Popular N.L. entertainer A. Frank Willis dies - Nfld. & Labrador - CBC News

Popular N.L. entertainer A. Frank Willis dies - Nfld. & Labrador - CBC News

Friday, March 4, 2011

Art Story

I was hoping to have a few more things to post regarding my Open Media project but a computer glitch only allowed for these three files to be forwarded. I'll be expanding these further, and will be posting all of the excerpts from two of my journals, dating back to 1982 to 1995. As well, I will be posting more of my late husband's writings, that he wrote in the 70s. These are the first of a number to follow, involving this journal and writing project. To me they all are an expression about life of somewhat unconventional prayerful like thoughts.

The brown marked journal begins in 1982. A lot of changes took place in my life during the period of time, covered in this journal; two years after losing my first husband to a tragic death after four months of our marriage. During this time I turned 30, married and divorced my second husband and reunited with my absentee alcoholic father after 26 years of not knowing his whereabouts.

The second large book, Morning Pages Journal, I made a contract with myself to commit to writing everyday, three pages, which began in 1995. This was also the first year I was introduced to, The Artist Way, by Julie Cameron, which literally changed my life. I had one year of sobriety as a recovering alcoholic, quit my 8 year job as a Youth Care Worker and went riding horses for two years and it was the year my loving mother died.

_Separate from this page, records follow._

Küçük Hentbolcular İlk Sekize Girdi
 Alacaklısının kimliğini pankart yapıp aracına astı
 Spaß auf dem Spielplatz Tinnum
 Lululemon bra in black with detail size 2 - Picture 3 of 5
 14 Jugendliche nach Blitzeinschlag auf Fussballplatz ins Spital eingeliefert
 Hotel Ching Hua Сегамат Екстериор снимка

The single sheet, is a page from one of many writings, belonging to my late husband. This was a writing dedicated to his youngest, little brother, Buddy. Bill's passion was writing and working with troubled kids, and blues. He loved the written word and considered himself to be a writer. I very much believe, Bill truly had the heart of a writer and taught me so much about compassion and generosity more than anyone else I have every met in my life, and after 30 years, I still miss him deeply.

I will be sharing additional excerpts from these journals, along with all of my late husband's writings I have had, since 1980 and have never shared with anyone. Bill died in 1980 following many years of suffering from drug induced paranoid schizophrenia and brittle diabetes. He was 26 when he died, I was 27 and we had been married for a very short four months, after being together for one year. He was truly my best buddy, the love of my life, my soul mate and the heart of my heart.

I have chosen to make this a part of my art work sharing these writings. We all have our own important story to share, and this is a big part of mine and Bill's.